Piensa, cualquier dictator súbito, en su extrema ingenuidad, que el gusto es una joya que se adquiere , se pule y se perfecciona. ¿Quién más podría pensarlo si no es alguien cuyo más alto anhelo es el de dictar?
El gusto, se dice en acaloradas discusiones, es algo que se posee en grado bueno bueno o malo. ¡Qué mal gusto el de estos pinches nacos! vocifera el autonombrado rector de la estética universal. ¡Qué buengusto el mío, que no permite notas simples, trazos indecisos o palabreos vacuos.
Y entre otros triunfos, este campeón del buengusto, este héroe de la técnica, tiene el descaro de afirmar que aquello que no conoce es porque está hundido en el mar de la porquería sólo por el nombre o la facha.
Peor resulta, si en su magnánima consideración, le ha dedicado algunas horas; los adjetivos descalificativos abundarán como si en cada uno de ellos, el dictador súbito, encontrara un escalón más en el encumbramiento de su particular buengustosidad.
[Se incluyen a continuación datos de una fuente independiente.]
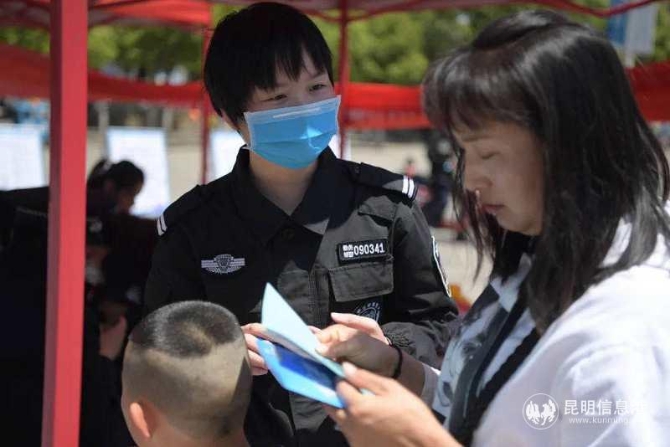 微信圖片_20200416100633 微信圖片_20200416100633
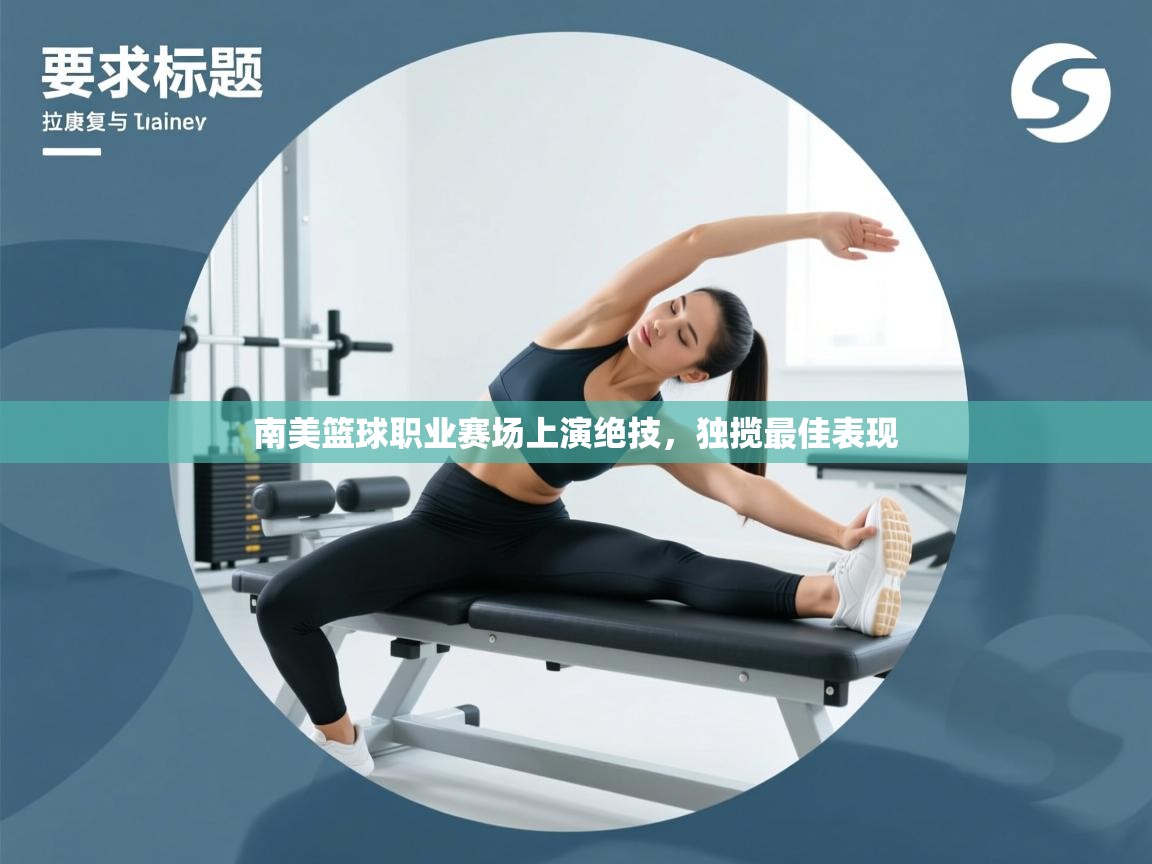 南美篮球职业赛场上演绝技，独揽最佳表现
Y reza así sobre aquello que sencillamente le caga: “es pobre, es pretencioso, es simple, es tedioso, es pálido, es estruendoso, es repetitivo, es falto de sustancia, es impropio de este buengusto que yo y sólo yo puedo tener por encima de todo lo que me rodea.”
Penosa exhibición de ese dictadorzuelo que a muchos nos brota a la menor provocación; confundimos aquello que nos deleita, sin alambicadas fórmulas estéticas, con el pontificado universal del llamado buengusto.